**WORK INSTRUCTIONS**
Copy the data exactly. Images are the one exception.

**DATA SECTION**
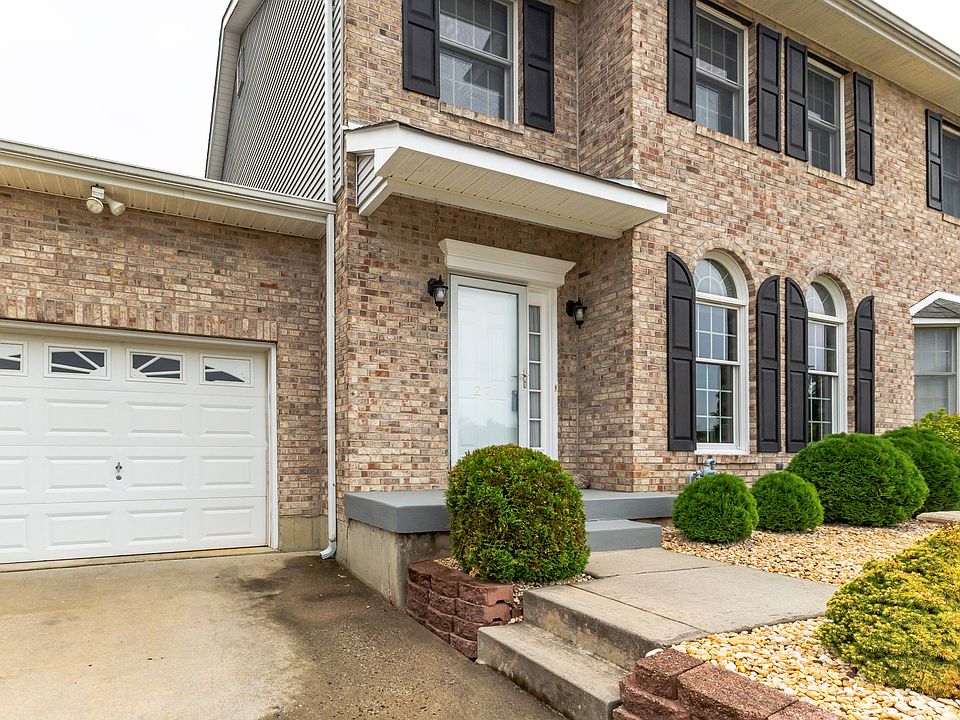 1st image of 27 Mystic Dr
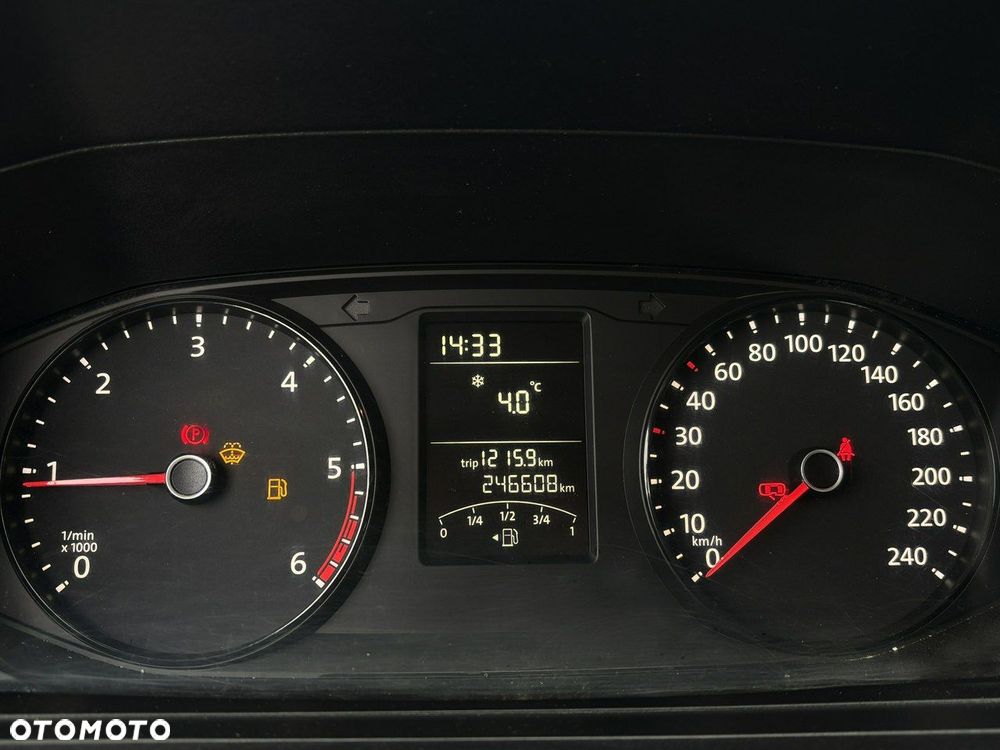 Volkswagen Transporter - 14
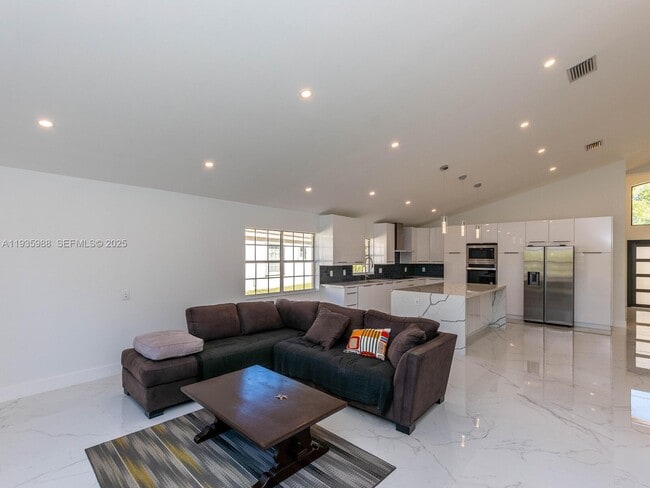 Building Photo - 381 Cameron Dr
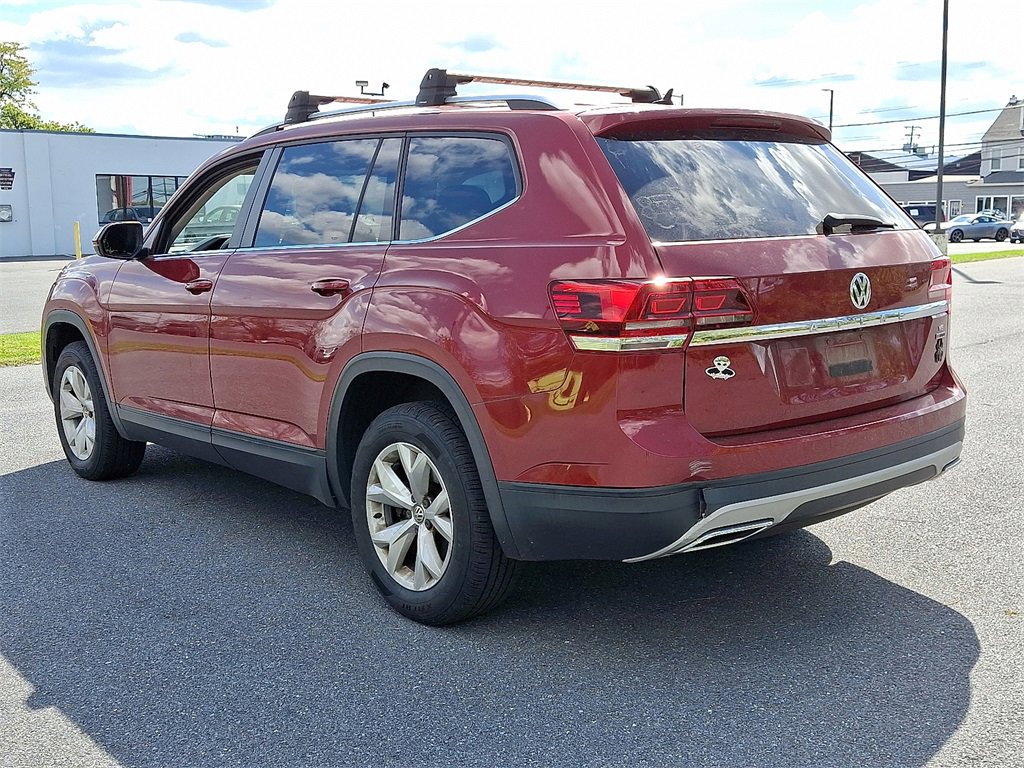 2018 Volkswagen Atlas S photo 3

**RESPONSE**
 1st image of 27 Mystic Dr
 Volkswagen Transporter - 14
 Building Photo - 381 Cameron Dr
 2018 Volkswagen Atlas S photo 3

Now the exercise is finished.